A cinematic, vivid tale of betterment and progress, this new novel from Zadie Smith, made famous for White Teeth, handles multiculturalism and friendship on a level that will render this an well-talked about title. An ambitious, exuberant new novel moving from north west London to West Africa, this is the tale of two that dream big of being dancers.
Dazzlingly energetic and deeply human, Swing Time is a story about friendship and music and stubborn roots, about how we are shaped by these things and how we can survive them. Moving from North-West London to West Africa, it is a high-spirited dance to the music of time.
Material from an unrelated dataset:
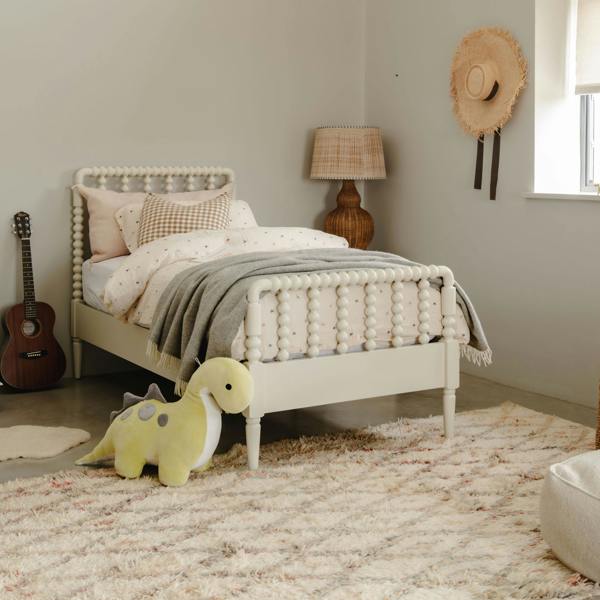 Cromwell Wooden Bed Frame with Bobbin Design Headboard and Foot End - Linen Cream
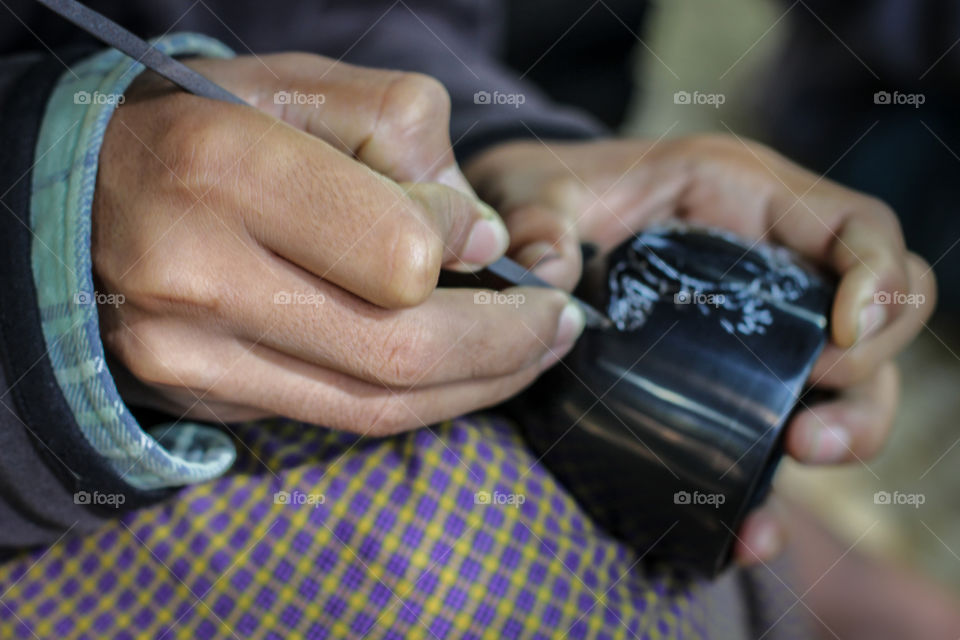 Women doing enamel working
Wonderfully written, Swing Time juxtaposes modern culture with timeless and universal themes. Smith has clearly fleshed out the relationships, intricately exposing the impacts that they can have; superstar Aimee is a maelstrom around which all of the lives of her other characters are determined. Also, the way in which the narrator’s mother affects Tracey and vice versa with the emails is indeed interesting. Language and power is interwoven into each person’s identity and underlines their relative role to each other. The narrator may be seen to be the most identifiable character, as it is through her eyes that we perceive the likes of Tracey, Aimee and the narrator’s mother, but we are not even disclosed a name.
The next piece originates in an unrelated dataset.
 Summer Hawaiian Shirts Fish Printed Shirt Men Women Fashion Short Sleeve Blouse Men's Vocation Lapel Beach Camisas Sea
The novel does meander in detail and veer off, stopping it from becoming a flawless story but as this is all through the eyes of the main character and is perhaps indicative of her nature, veering off from the point. There is a lack of character development in this novel, when you consider the anonymous narrator, and the life events don’t seem to affect the nameless character that significantly, and you almost want it for her, badly.
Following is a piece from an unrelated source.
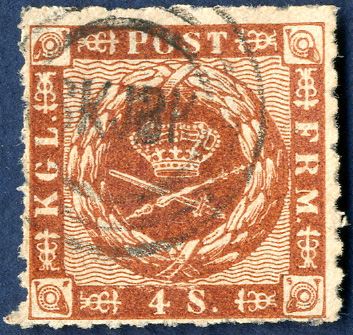 4 skilling rouletted issue 1863, canceled with esrom style postmark 'SKJBK' Skjærbæk. Upright and distinct cancellation.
This is Zadie Smith’s fifth novel and makes for truly rattling reading. No doubt this will be, like her previous work, adapted into a visual format. The different incarnations that we are witness to, aside from the main character of course, are very real, and will make for great cinematic viewing but it is a joy to indulge in these within the literature.
As aforementioned, relativity is key to this novel, and certainly makes it all the more absorbing, with the comparatives adding a richer texture to the book. That relativity becomes all the more interesting when considering a sense of belonging and this is where the novel hits us. The nameless narrator almost becomes appropriate if we look at the novel from this angle, as her anonymity renders her somewhat nomadic and invisible, seeking something almost improbable.